Setting the initialisation order for libraries (Best practices for libraries and linking part 6)

Part 5 of the series talked about diagnosing initialisation problems. These are situations where the libraries are loaded in the wrong order and this causes the application not to function correctly (or at all). Part 6 discusses how to resolve this problem.

The easiest, but the least reliable approach is to reorder the libraries on the link line until they get initialised in the right order. This is an easy fix since it is just a matter of changing the link line, but it's not reliable. There are various reasons why this is a poor fix. It is limited to just fixing the one application, and does not fix the root of the problem. It is not robust as a change in one of the libraries may cause the whole problem to recur. etc. Better fixes involve avoiding the duplicate symbol problem that causes the library load order to be indeterminate.

If the symbols are introduced because of C++ templates, then the -instlib=<library> flag causes the compiler not to generate symbols that are defined in the listed libraries.

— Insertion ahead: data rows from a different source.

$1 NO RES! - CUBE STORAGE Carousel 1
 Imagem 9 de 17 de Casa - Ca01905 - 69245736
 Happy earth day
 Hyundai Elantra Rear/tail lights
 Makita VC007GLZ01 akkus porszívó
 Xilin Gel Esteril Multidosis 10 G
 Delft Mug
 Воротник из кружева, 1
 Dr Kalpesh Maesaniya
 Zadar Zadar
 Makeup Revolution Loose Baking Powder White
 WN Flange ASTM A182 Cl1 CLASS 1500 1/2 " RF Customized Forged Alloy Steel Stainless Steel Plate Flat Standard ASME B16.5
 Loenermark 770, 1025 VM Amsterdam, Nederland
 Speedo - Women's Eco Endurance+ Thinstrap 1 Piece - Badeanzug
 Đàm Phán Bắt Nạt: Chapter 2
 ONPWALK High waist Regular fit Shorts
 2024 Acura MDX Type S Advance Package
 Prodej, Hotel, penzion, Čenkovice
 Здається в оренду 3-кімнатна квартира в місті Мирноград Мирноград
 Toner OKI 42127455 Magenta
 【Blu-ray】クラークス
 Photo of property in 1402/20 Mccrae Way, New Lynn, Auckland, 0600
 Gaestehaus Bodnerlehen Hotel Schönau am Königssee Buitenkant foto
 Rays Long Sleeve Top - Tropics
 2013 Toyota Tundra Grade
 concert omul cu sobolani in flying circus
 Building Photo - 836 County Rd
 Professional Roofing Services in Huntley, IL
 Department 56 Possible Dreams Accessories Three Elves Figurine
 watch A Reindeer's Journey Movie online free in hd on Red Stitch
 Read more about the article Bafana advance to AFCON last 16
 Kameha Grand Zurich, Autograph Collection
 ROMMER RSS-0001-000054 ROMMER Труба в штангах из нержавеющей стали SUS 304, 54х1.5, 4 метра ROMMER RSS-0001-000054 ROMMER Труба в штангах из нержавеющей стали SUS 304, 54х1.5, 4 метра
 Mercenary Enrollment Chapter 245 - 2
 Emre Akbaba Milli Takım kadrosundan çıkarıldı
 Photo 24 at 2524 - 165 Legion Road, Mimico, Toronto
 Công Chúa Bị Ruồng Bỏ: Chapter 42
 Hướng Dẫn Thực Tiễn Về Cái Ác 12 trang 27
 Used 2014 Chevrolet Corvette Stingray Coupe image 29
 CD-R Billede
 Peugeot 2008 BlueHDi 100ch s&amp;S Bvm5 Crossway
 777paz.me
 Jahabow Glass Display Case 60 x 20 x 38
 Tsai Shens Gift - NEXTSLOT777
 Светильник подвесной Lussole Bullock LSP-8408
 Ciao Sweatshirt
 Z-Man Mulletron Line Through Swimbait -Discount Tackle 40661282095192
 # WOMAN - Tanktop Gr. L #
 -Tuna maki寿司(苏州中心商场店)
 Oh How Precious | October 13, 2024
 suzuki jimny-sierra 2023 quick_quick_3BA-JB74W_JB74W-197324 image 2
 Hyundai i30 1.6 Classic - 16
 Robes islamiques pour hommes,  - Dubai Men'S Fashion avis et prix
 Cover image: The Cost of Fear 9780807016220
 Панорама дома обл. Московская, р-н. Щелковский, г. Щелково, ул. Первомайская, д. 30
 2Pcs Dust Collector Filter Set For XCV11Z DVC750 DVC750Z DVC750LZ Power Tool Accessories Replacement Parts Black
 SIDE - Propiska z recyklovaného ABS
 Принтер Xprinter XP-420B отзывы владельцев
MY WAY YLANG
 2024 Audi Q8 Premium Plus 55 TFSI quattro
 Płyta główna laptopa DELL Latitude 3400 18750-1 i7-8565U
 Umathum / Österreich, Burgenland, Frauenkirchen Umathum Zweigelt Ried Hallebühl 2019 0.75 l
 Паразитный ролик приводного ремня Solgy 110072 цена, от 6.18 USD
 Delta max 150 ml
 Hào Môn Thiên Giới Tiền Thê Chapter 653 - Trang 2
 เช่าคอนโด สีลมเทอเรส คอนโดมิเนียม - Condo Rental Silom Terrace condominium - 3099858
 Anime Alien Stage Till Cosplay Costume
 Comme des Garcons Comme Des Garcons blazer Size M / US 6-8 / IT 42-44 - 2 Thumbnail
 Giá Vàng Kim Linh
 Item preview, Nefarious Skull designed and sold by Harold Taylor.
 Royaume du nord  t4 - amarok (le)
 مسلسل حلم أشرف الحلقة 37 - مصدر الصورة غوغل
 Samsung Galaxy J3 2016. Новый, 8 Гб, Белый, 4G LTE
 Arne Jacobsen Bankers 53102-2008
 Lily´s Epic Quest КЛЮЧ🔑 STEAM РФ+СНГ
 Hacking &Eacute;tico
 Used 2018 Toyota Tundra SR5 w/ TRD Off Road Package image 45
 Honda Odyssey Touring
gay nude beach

Direct binding is another approach which records the exact library dependencies at link time so that the linker knows exactly which libraries are required, and hence can determine the appropriate load order. This has the downside that it enables different libraries to bind to different definitions of the same symbol, this could be a useful feature, but could also introduce problems.

Tuesday, July 12, 2011

Feature Test Macros

Feature test macros are a set of macros that are either:

  • Defined by the development environment indicating that the environment conforms to a particular standard

or

  • Defined by the source code for the application before the header files are included to indicate that the application requires a particular environment to build

The macros define what APIs are available, and what parameters are passed through the APIs. Adherence to a particular standard (like POSIX) will define a particular set of APIs, and define their parameters. A good example of this is on Solaris where munmap changes definition depending on what standards have been requested:

$ grep munmap /usr/include/sys/*.h
/usr/include/sys/mman.h:extern int munmap(void *, size_t);
/usr/include/sys/mman.h:extern int munmap(caddr_t, size_t);

The Linux man page for feature_test_macros includes useful source code (ftm.c) for reporting which feature test macros are set by default. This changes depending on the the OS and compiler used. One of the big differences between Linux and Solaris are the feature test macros that are set by default. Here's the output from the program compiled on a Linux box and a Solaris box - both using gcc.

Linux

$ gcc ftm.c
$ ./a.out
_POSIX_SOURCE defined
_POSIX_C_SOURCE defined: 200809L
_BSD_SOURCE defined
_SVID_SOURCE defined
_ATFILE_SOURCE defined

Solaris

$ gcc ftm.c
$ ./a.out
_LARGEFILE64_SOURCE defined
_FILE_OFFSET_BITS defined: 32

The list of standards that Solaris 10 adheres to is documented under man standards, the list for Linux is documented under man feature_test_macros.

Monday, July 11, 2011

OpenMP 3.1 specification released

OpenMP is a great way to produce parallel applications with the minimal amount of work. The 3.1 specification came out a couple of days ago. As should be apparent from the version number, its more incremental than significant. The significant changes I see are:

  • Support for min and max reductions in C/C++. This was a frustrating omission from the previous versions, so I'm pleased to see that fixed here.
  • Support for thread binding. The specification introduces OMP_PROC_BIND which binds threads to cores. This is rather similar to the original SUNW_MP_PROCBIND in Studio, which only took true or false, more recent compilers allow a much finer granularity of control. Still "true" or "false" is a good start!